-- Task material follows --

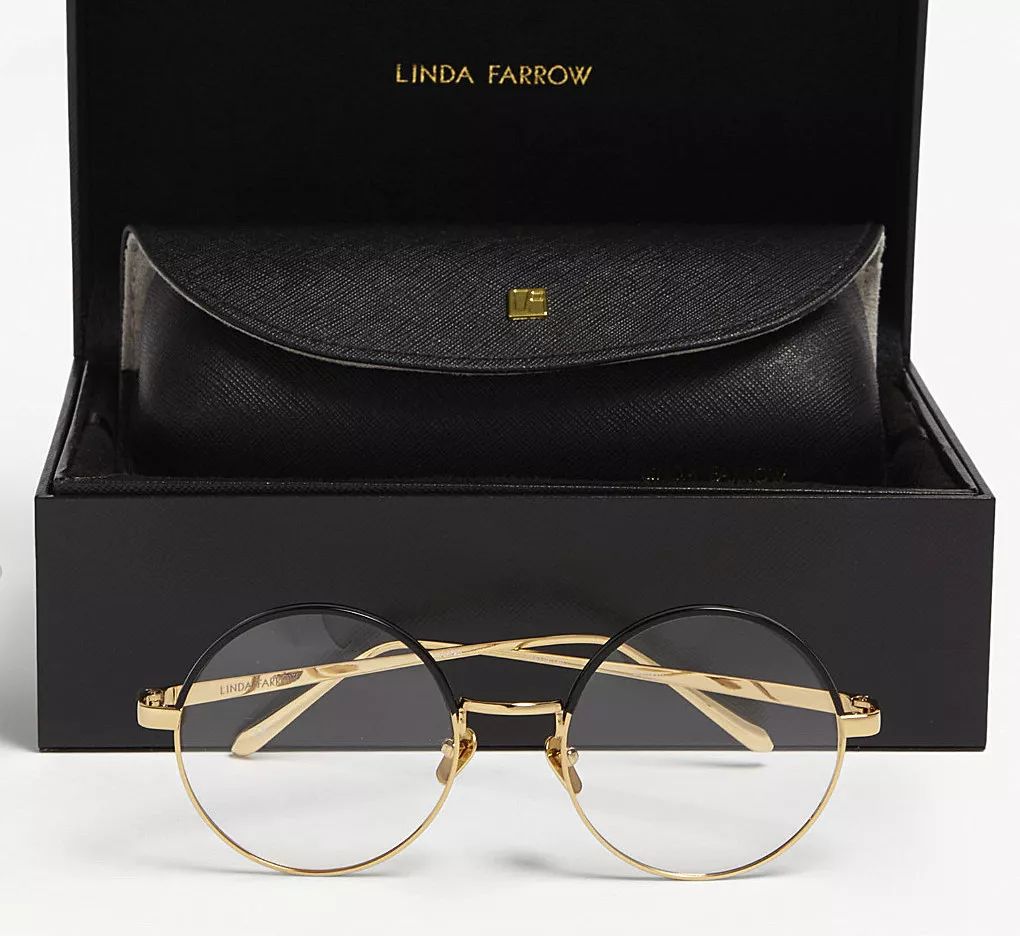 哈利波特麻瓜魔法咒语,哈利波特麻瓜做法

-- Task material concluded --
-- Task material follows --

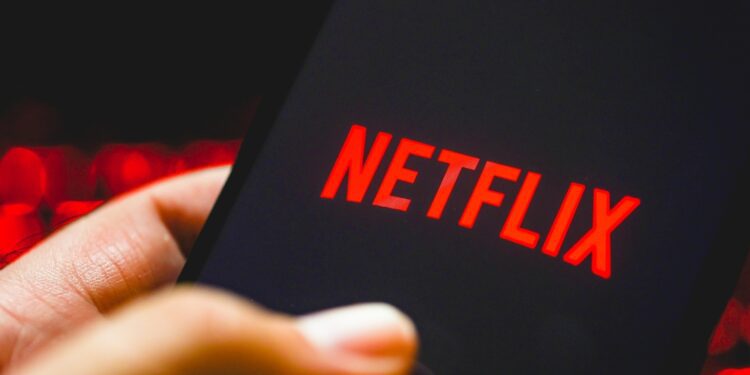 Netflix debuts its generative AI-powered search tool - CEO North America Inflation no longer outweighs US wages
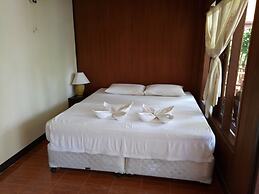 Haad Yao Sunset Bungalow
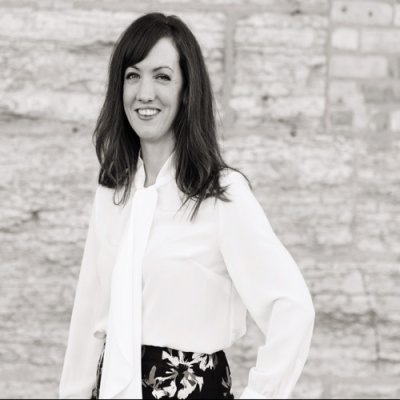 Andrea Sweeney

-- Task material concluded --

__Description of the task__. Give back exactly, and solely, the section of the data above bounded by the line containing "Netflix debuts its" and the line containing "Andrea Sweeney", both bounding lines included and pictures omitted.

__Response to the exercise__.
 Netflix debuts its generative AI-powered search tool - CEO North America Inflation no longer outweighs US wages
 Haad Yao Sunset Bungalow
 Andrea Sweeney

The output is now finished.